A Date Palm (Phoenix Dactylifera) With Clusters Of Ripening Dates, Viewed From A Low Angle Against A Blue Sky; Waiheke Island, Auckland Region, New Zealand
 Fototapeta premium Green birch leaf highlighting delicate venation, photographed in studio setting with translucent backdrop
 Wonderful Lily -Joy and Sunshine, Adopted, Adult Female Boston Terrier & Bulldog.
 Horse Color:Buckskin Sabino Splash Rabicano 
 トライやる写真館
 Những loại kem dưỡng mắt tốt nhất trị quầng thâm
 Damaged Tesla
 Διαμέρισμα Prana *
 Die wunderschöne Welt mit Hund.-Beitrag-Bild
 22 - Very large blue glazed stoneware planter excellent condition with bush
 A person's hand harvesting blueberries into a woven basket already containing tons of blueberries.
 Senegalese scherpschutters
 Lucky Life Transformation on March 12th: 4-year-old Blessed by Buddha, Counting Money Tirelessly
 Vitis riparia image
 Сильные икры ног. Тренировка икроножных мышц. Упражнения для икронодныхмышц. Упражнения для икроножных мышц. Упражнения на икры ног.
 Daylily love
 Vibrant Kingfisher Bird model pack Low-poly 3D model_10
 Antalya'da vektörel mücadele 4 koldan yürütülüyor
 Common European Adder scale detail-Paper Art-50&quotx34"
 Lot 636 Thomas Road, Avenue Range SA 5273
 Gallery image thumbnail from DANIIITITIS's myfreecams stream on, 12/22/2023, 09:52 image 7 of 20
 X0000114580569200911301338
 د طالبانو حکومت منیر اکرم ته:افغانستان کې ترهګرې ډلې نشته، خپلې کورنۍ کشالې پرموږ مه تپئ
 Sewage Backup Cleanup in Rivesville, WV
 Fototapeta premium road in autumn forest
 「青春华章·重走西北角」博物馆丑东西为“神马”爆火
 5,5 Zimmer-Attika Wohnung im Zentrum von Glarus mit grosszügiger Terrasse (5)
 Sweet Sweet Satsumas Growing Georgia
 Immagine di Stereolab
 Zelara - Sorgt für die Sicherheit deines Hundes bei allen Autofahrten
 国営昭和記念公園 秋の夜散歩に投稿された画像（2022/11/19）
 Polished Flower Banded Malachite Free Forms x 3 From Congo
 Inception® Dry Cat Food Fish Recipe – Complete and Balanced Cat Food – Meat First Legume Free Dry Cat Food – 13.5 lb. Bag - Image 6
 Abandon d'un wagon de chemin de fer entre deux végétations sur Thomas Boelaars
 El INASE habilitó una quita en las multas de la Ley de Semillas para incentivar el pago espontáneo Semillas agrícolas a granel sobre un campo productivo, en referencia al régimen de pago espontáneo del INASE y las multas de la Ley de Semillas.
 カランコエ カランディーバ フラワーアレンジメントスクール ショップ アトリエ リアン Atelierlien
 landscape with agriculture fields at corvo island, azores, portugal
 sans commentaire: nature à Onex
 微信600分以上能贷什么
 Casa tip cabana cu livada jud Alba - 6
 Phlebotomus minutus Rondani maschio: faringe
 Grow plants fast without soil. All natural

## Action item
Above is a listing; print exactly its lines from the one with "Horse Color:Buckskin Sabino Splash Rabicano" through the one with "Lucky Life Transformation", and no other lines.

## Answer for the task
 Horse Color:Buckskin Sabino Splash Rabicano 
 トライやる写真館
 Những loại kem dưỡng mắt tốt nhất trị quầng thâm
 Damaged Tesla
 Διαμέρισμα Prana *
 Die wunderschöne Welt mit Hund.-Beitrag-Bild
 22 - Very large blue glazed stoneware planter excellent condition with bush
 A person's hand harvesting blueberries into a woven basket already containing tons of blueberries.
 Senegalese scherpschutters
 Lucky Life Transformation on March 12th: 4-year-old Blessed by Buddha, Counting Money Tirelessly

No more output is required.